Буря утихла, но дождь все еще изливался на головы закутанного в платок кучера и его перебирающей копытами лошади, когда мы отъехали от крыльца с башенкой и заскользили по открытому гравию. На душе у меня было тяжело. Чему я выучился или не сумел выучиться у Энеску, останется при мне. Но отныне я предоставлен самому себе, и впереди, на расстоянии нескольких недель и многих миль, меня ждет Нью-Йорк.
Проведя два или три дня в Париже, мы на вокзале Сен-Лазар погрузились в поезд, и он доставил нас на пароход.

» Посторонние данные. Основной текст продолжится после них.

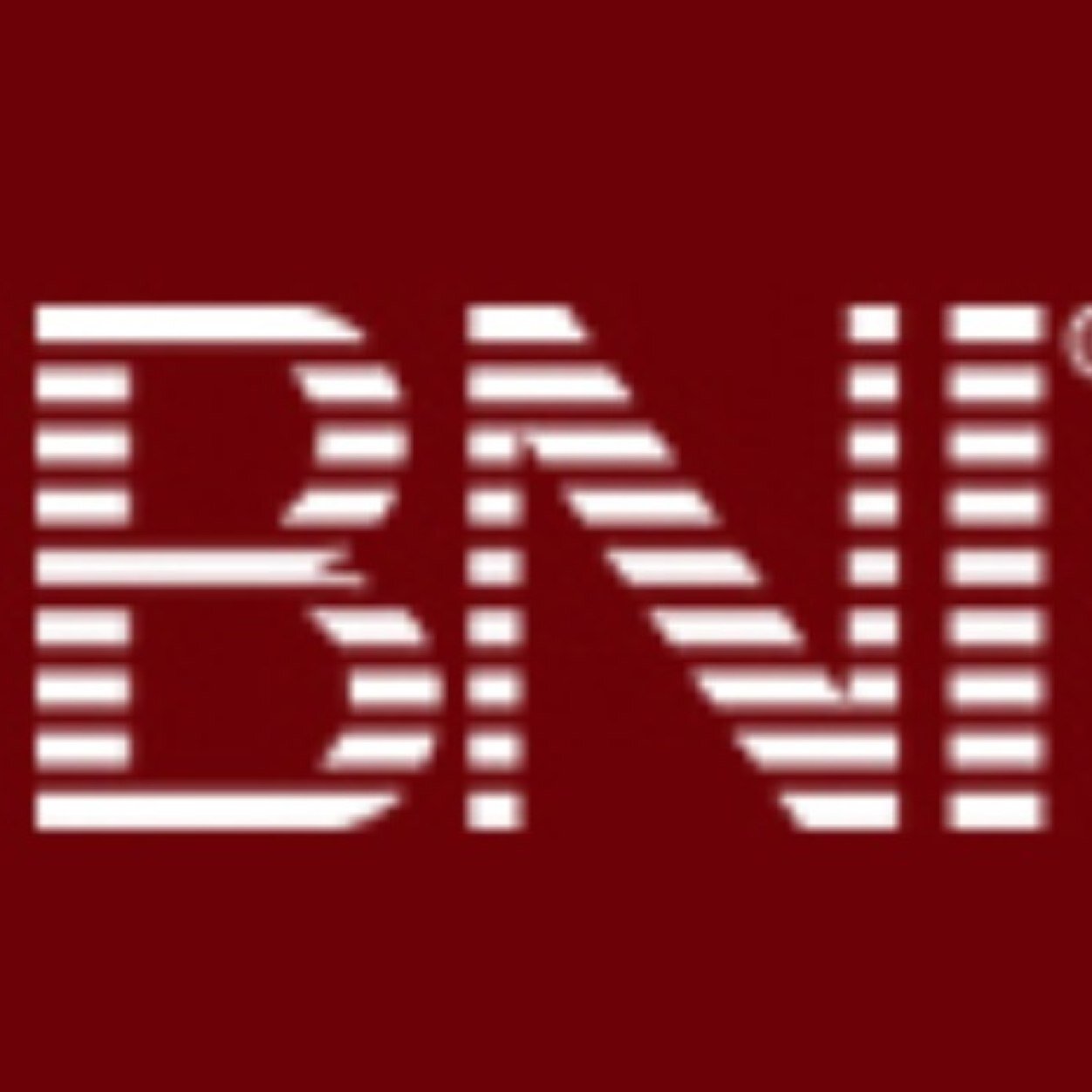 BNI is the most successful organization of its kind in the world, passing Billions of dollars in referrals. Our chapter, Referral meets Wednesday mornings.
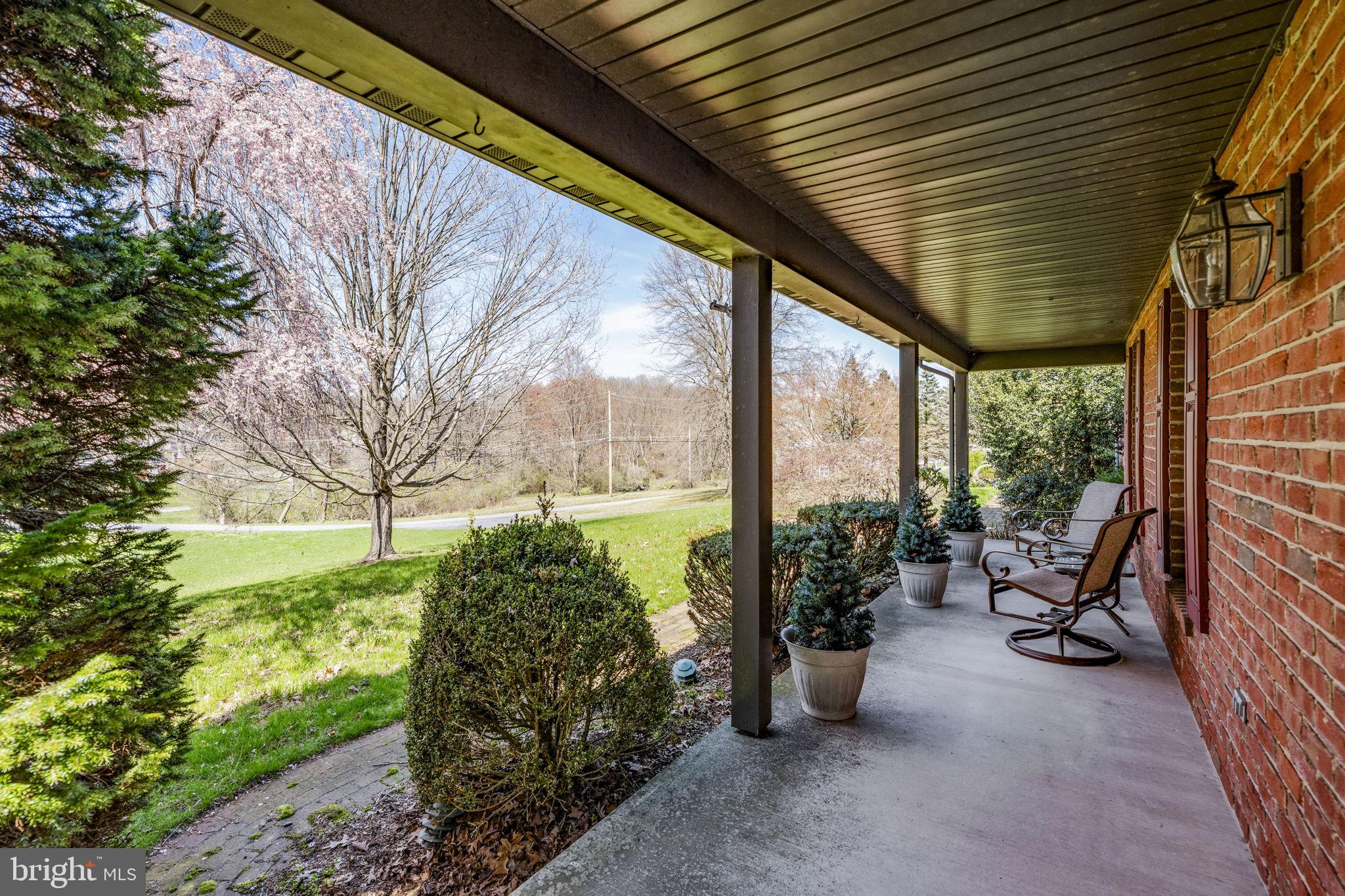 712 Vinemont Road Reinholds, PA 17569 - Photo 59 of 64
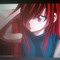 Nightcore4Life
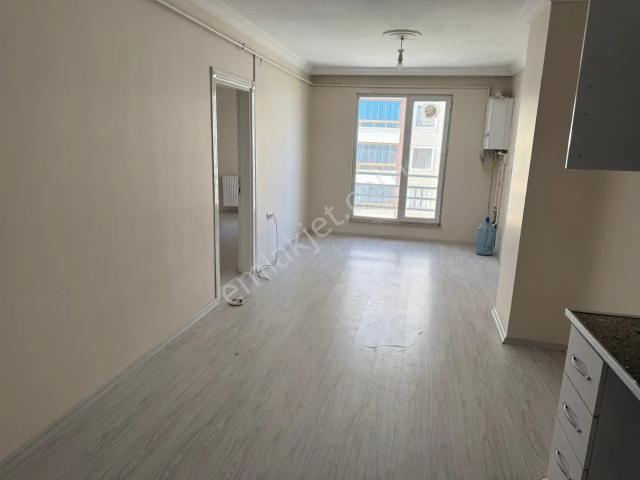 Sahibinden Beşyol Merkezinde Temiz Arakat 1+1
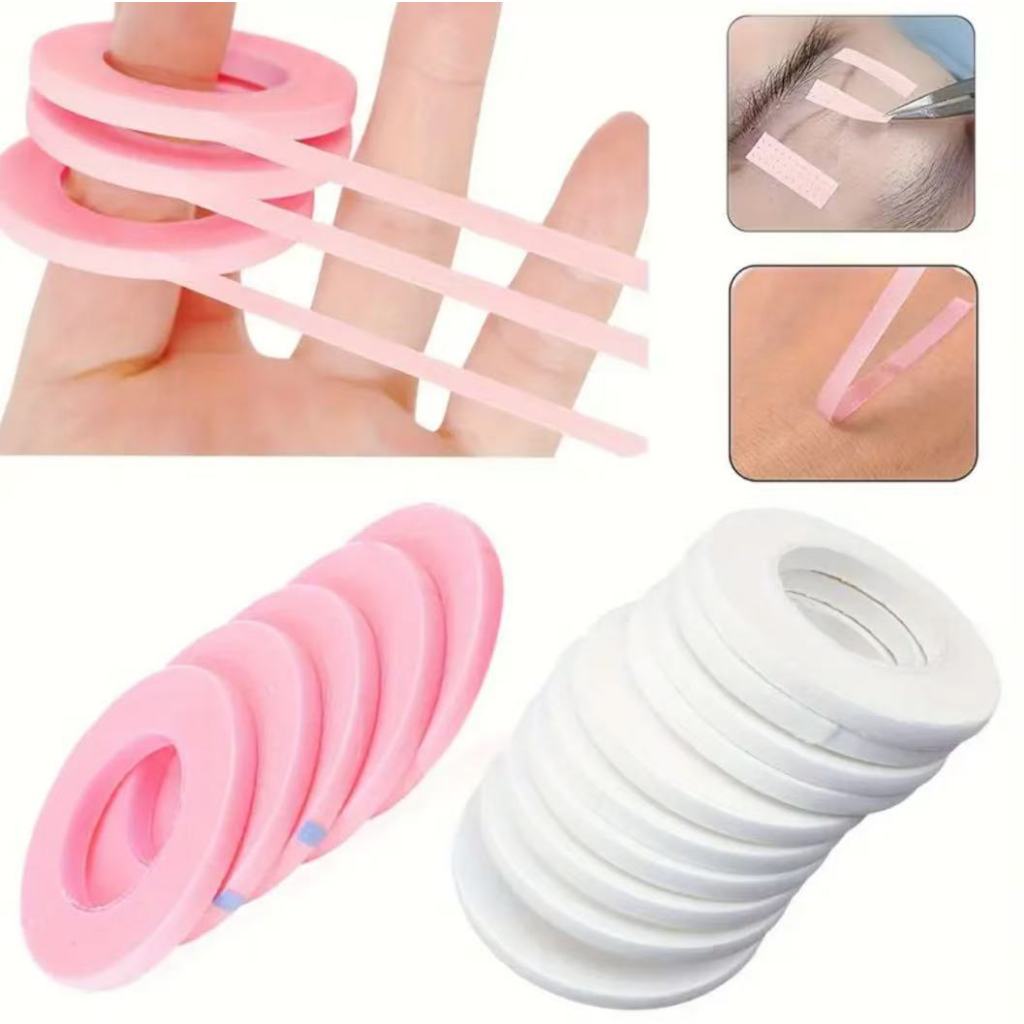 Fitas Adesivas Micropore: Onde Comprar | BuscaProdutos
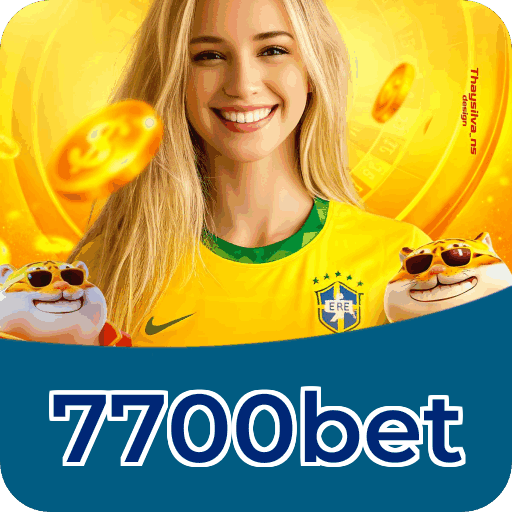 7700bet bônus R$5.000 + 500 giros - Rollover 35x, prazo 30 dias, 38% taxa conversão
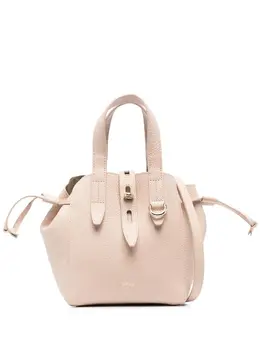 Сумка-тоут Net Furla, розовый 19374457 | розовый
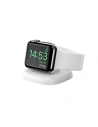 Wholesale Tech-Protect QI3W-IW2 Wireless Charger Apple Watch White - THP1682 - {ean13} - Hurt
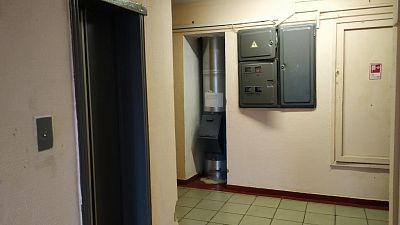 Купить квартиру Москва, ЦАО, р-н Таганский, Верхняя Сыромятническая ул., 2 17500000 рублей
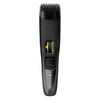 Remington Zoom skeggsnyrtir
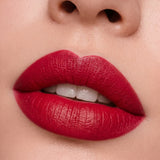 CLASSIC LIPS CARMIM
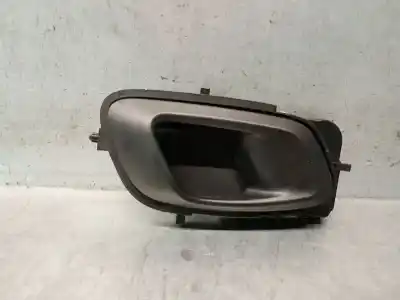 Piesă de schimb auto la mâna a doua interior mânerul dreapta fata pentru hyundai i20 iii (bc3, bi3) 1.0 t-gdi hybrid 48v referințe oem iam 82620q00004x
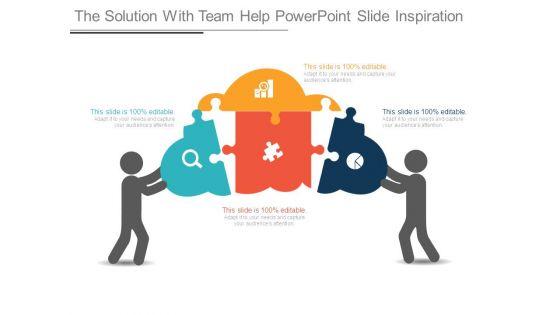 The_Solution_With_Team_Help_Powerpoint_Slide_Inspiration_1.jpg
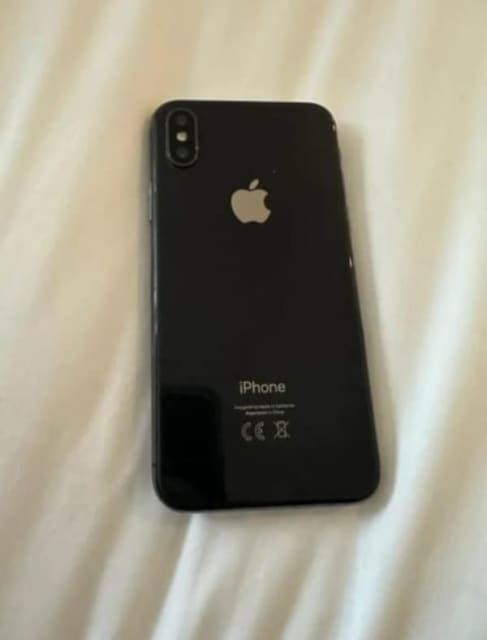 iphone 14 pro max 1 tb price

Обратное плавание серьезно отличалось от пути в Европу. И не потому, что мы стали бывалыми путешественниками и уже не приходили в восторг при виде того, что нам знакомо. Но мы возвращались чуть ли не с помпой. Еще из Синайи папа связался с дядей Сиднеем и обсудил с ним вопрос об адвокате и концертном агенте. Из Соединенных Штатов я уезжал просто мальчиком, а обратно еду — и у меня есть собственный агент и услуги адвоката. Удивительно тогда работал телеграф: за один день три обмена депешами, то есть были отправлены и получены шесть телеграмм между Синайей, Сан-Франциско и Нью-Йорком, переговоры были завершены и вопрос решен. В адвокаты он нам рекомендовал одного из самых известных меломанов в Нью-Йорке Эдгара Левентритта, в память которого ныне учрежден грант Левентритта. Он по-любительски, но лихо играл на рояле, приходил в восторг, когда у него в доме собирались музыканты и он с ними мог исполнять камерную музыку. Мистер Левентритт посоветовал папе доверить устройство моих американских дел агентам Лоуренсу Эвансу и Джеку Солтеру. Был заключен контракт, но, как обычно бывало у нас с людьми, с которыми мы сблизились по делу, сам мистер Левентритт, его жена и дети стали нашими добрыми друзьями. Так же, кстати сказать, как и Эванс с Солтером. Карьера этих молодых людей из Атланты, штат Джорджия, началась с того, что их выбрала своими агентами Галли-Курчи. После этого они пошли вверх, от Лоуренса Тиббета к Элизабет Ретберг и дальше к другим таким же известным клиентам. Так что я оказался в блестящей компании, когда в списке клиентов, по-прежнему возглавляемом Амелитой Галли-Курчи, в конце появилась моя фамилия.